• _TASK STATEMENT_: Reproduce exactly the lines below from the one containing "Chaise en hêtre" through the one containing "Develación del monumento", including both, and nothing else.

• _AVAILABLE DATA_:

* * * * * * * * *

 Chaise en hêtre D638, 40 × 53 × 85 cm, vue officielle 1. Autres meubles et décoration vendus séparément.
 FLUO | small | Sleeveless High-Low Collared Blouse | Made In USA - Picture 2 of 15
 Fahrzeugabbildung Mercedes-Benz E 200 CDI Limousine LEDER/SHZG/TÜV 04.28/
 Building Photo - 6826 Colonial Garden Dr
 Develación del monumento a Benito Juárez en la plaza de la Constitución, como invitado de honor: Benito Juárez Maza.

* * * * * * * * *

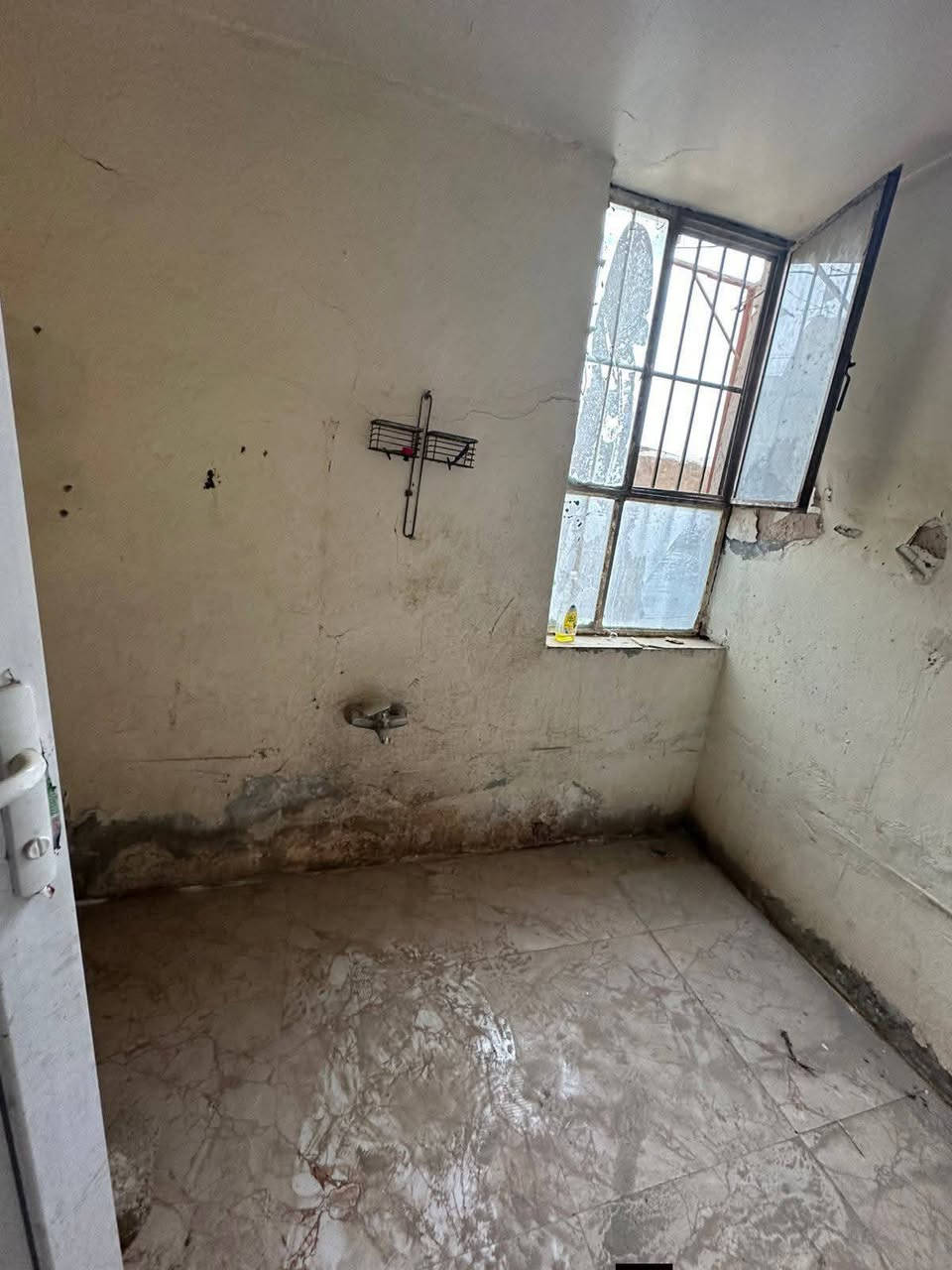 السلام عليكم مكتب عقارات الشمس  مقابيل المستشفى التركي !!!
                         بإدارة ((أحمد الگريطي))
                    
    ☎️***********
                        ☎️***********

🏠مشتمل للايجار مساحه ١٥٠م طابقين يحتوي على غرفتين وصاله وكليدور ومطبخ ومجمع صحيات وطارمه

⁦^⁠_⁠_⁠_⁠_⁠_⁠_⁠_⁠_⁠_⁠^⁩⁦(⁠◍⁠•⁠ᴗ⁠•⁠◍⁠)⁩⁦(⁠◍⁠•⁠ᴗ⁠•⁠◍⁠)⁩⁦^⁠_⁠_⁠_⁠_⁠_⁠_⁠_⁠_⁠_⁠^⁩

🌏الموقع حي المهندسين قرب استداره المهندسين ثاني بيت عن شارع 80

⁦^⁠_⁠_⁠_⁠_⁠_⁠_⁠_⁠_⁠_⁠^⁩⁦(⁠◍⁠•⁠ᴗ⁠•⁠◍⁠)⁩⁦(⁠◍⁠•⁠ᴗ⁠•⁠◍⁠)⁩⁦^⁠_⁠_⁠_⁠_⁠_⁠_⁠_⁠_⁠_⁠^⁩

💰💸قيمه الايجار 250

* * * * * * * * *

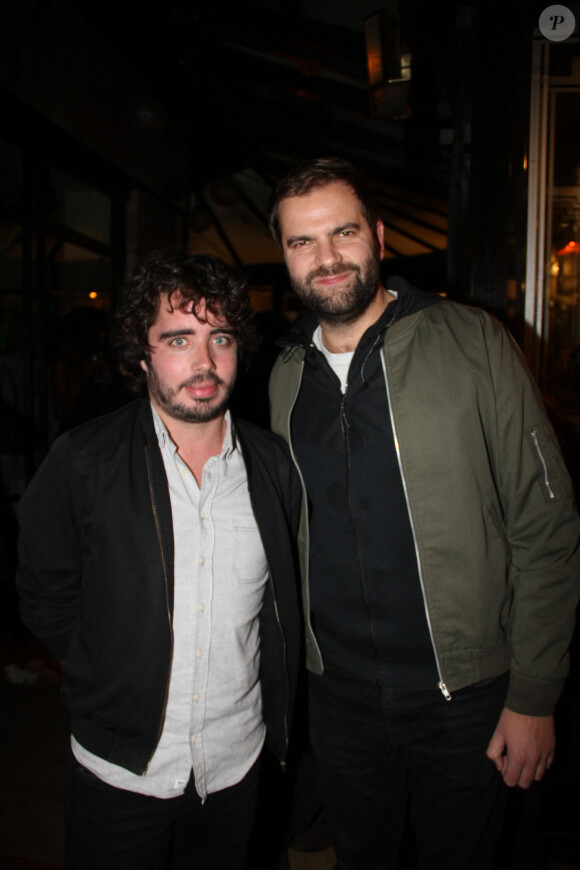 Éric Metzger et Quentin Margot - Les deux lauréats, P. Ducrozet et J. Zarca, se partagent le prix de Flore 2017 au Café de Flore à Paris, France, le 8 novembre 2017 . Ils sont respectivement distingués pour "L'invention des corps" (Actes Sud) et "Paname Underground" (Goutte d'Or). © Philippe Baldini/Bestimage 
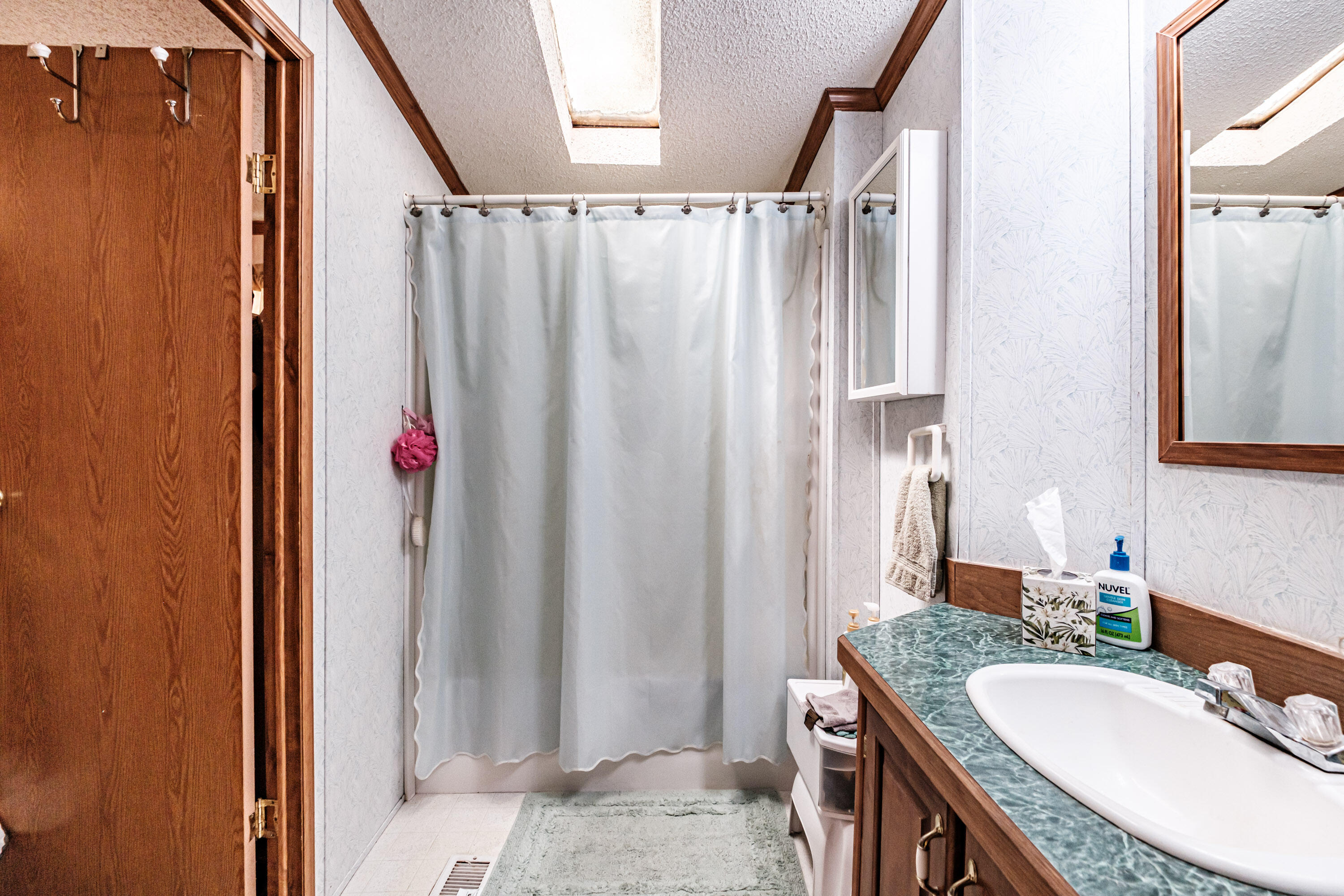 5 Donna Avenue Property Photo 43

* * * * * * * * *

• _SOLUTION TO THIS TASK_:
 Chaise en hêtre D638, 40 × 53 × 85 cm, vue officielle 1. Autres meubles et décoration vendus séparément.
 FLUO | small | Sleeveless High-Low Collared Blouse | Made In USA - Picture 2 of 15
 Fahrzeugabbildung Mercedes-Benz E 200 CDI Limousine LEDER/SHZG/TÜV 04.28/
 Building Photo - 6826 Colonial Garden Dr
 Develación del monumento a Benito Juárez en la plaza de la Constitución, como invitado de honor: Benito Juárez Maza.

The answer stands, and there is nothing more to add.